Filamentous triangular lattice with bonds randomly occupied with probability $p$. The unit vectors ${\mathbf{e}}_1$, ${\mathbf{e}}_2$, ${\mathbf{e}}_3$ are marked by “1, 2, 3,” the 3 stretch energy vectors ${\mathbf{B}}_n^s$ are marked by the 3 red single lines, and the 3 bending energy vectors ${\mathbf{B}}_n^b$ are marked by the 3 green double lines. The purple dashed double line marks the bending vector ${\mathbf{B}}_4^b$ if the origin is marked by 0.

Figure 4

Positions of sites ${\ell }_1,{\ell }_2,{\ell }_3,{\ell }_4$, and interactions in the effective medium, including NN stretching term of rigidity ${\mu }_m$, NNN bending term of rigidity ${\kappa }_m$, and third neighbor effective coupling term of rigidity ${\lambda }_m$.

Figure 5

(a) Semilog plot for the EMT solution ${\mu }_m/\mu =G/G_0$ as a function of $p$ for $\mu =1$ and $\kappa =1,{10}^{-1},{10}^{-2},{10}^{-3},{10}^{-4},{10}^{-5},{10}^{-6}$ from top to bottom, as indicated in the legend. (b) Linear plot of ${\mu }_m/\mu$ as a function of $p$, with parameters and color code the same as in (a). The red solid line indicates ${\mu }_m$ for the case of a central force triangular lattice ($\kappa =0$). Here and in Figs. 6 to 8, we have set $a=1$. The contents of (a) appeared in a different form in Ref. [35].

Figure 6

The EMT solution for ${\kappa }_m$ expressed in terms of the dimensionless combination ${\widehat{\kappa }}_m={\kappa }_m/\left(\mu a^2\right)$ (a) and ${\lambda }_m$ expressed in terms of the dimensionless combination ${\widehat{\lambda }}_m={\lambda }_m/\left(\mu a^2\right)$ (b).
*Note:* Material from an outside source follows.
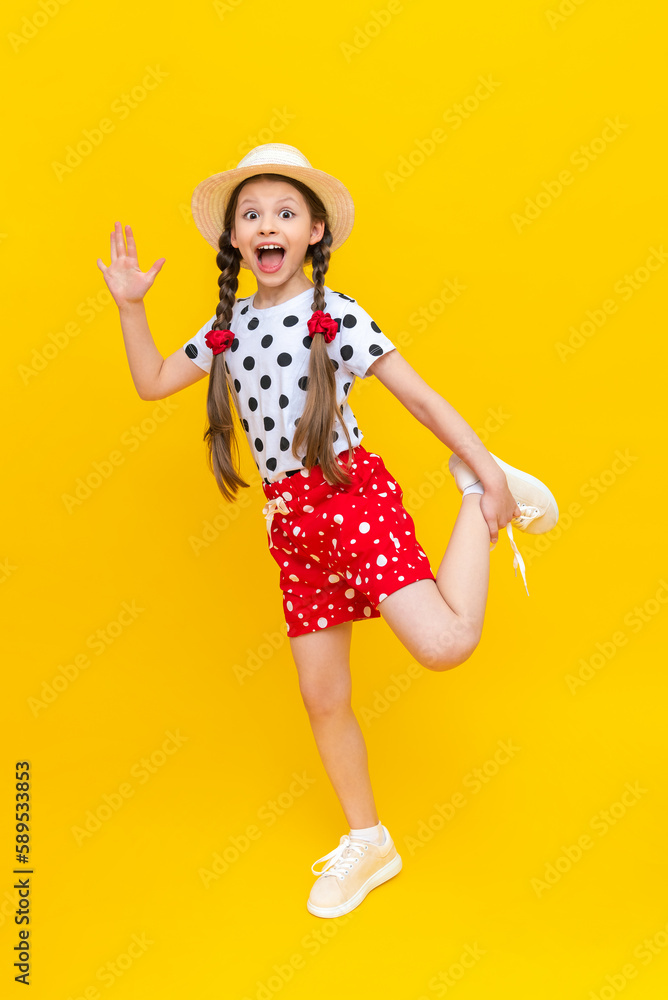 A wonderful little girl is playing in a straw hat and shorts. A beautiful child is enjoying the summer and smiling broadly and fooling around on a yellow isolated background. A wonderful little girl is playing in a straw hat and shorts. A beautiful child is enjoying the summer and smiling broadly and fooling around on a yellow isolated background.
Parameters and color code are the same as in Fig. 5.

Figure 7

Asymptotic solution (dashed lines) and numerical solutions (data points) of ${\mu }_m/\mu =G/G_0$ near $p_{\mathrm{b}}$. Parameters and color code are the same as in Fig. 5.

Figure 8

(a), (b), and (c) show rescaled plots of the EMT solutions ${\mu }_m/\mu$, ${\kappa }_m$, and ${\lambda }_m$ using the scaling forms (3.39a) for $\mu =1$ and $\kappa ={10}^{-2},{10}^{-3},{10}^{-4},{10}^{-5},{10}^{-6}$, with color code the same as in Fig. 5, and exponents taking the value as in Eq. (3.40a). The thin black lines represent the asymptotic forms of Eq. (3.41a) for small $\kappa$. The brown dash-dotted lines, the thick blue solid lines, and the purple dashed lines plot the functional form of ${\mu }_m$ obtained in the crossover, the stretching-dominated, and the bending-dominated regimes of Eq. (3.42), respectively. The contents of (a) appeared in a different form in Ref. [35].

Figure 9

Comparison between the shear modulus (normalized by the shear modulus at $p=1$, so it is equivalent to ${\mu }_m/\mu$) obtained from numerical simulations from Ref. [35] (data points), Das's EMT (solid lines), and our EMT (dashed lines). Different colors mark different values of $\kappa$ with the same color code as in Fig. 5, and from top to bottom the corresponding values of $\kappa$ are 1, ${10}^{-1},{10}^{-2},...,{10}^{-6}$.